Although the records contain pictures, none belong in the copy: restate word for word only the lines from the one with "SHEIN 男士修身字母十字印花撞色圆领短袖T恤 - 彩色 - 查看 1" through the one with "Abstract color blocks", both included.

## Exercise materials:
--*--
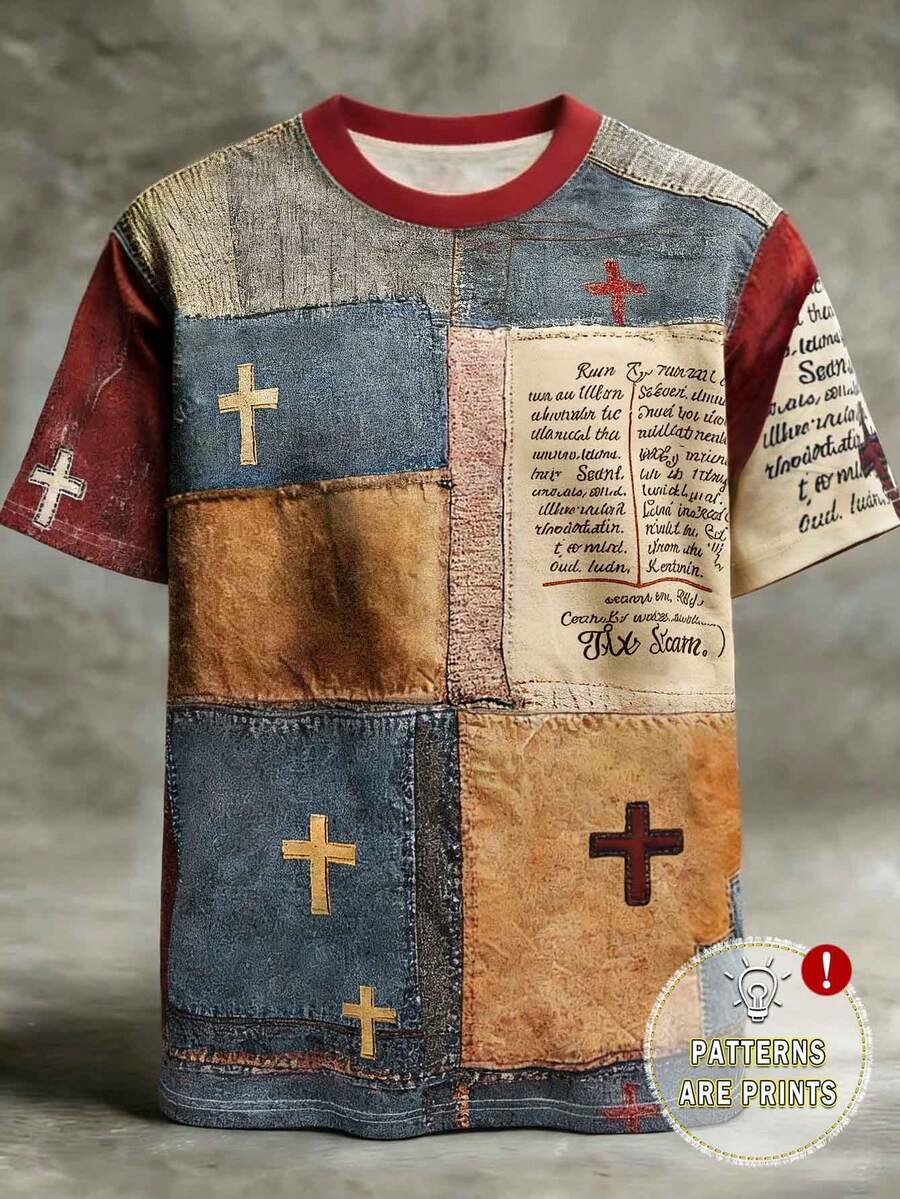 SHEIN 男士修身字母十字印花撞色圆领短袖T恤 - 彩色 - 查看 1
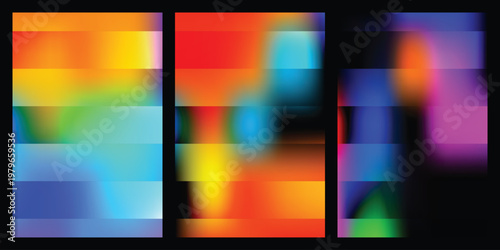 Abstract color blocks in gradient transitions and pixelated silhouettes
--*--
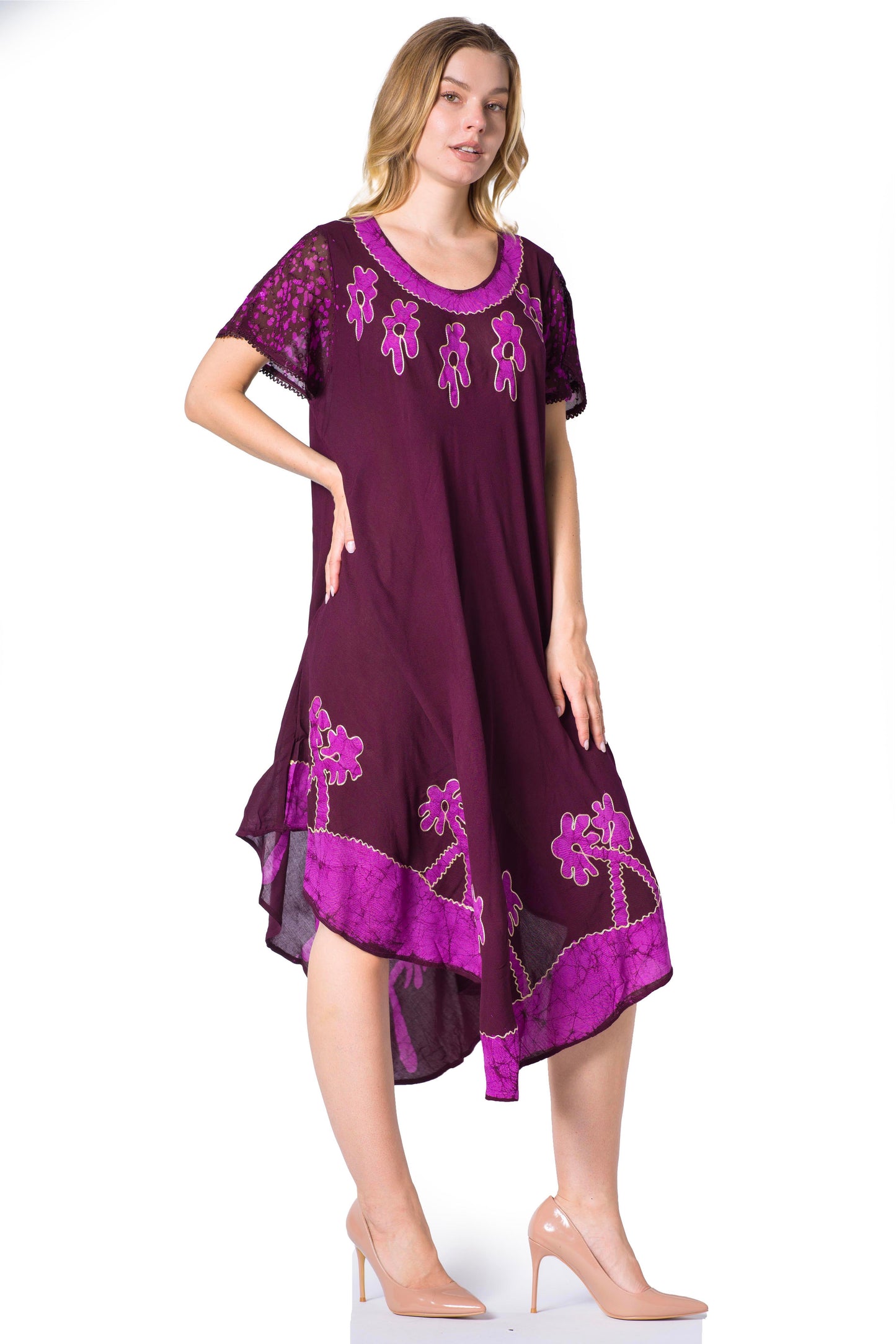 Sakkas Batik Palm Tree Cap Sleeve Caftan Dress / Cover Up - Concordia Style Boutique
--*--
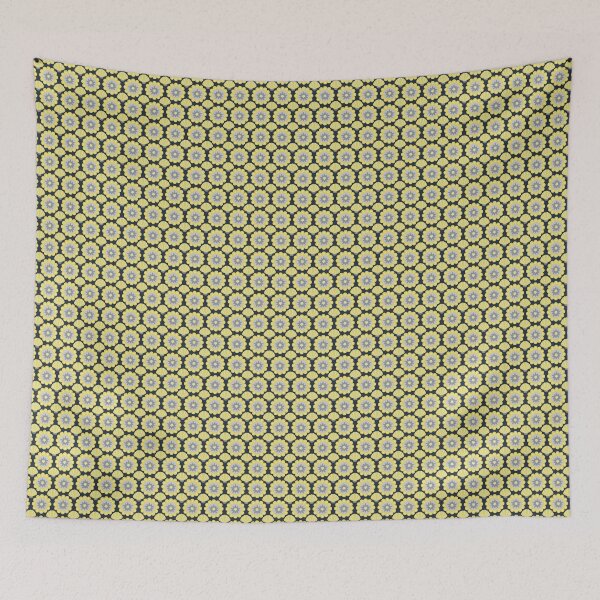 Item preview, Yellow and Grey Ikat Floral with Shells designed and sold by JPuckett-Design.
--*--
## Answer to this exercise:
 SHEIN 男士修身字母十字印花撞色圆领短袖T恤 - 彩色 - 查看 1
 Abstract color blocks in gradient transitions and pixelated silhouettes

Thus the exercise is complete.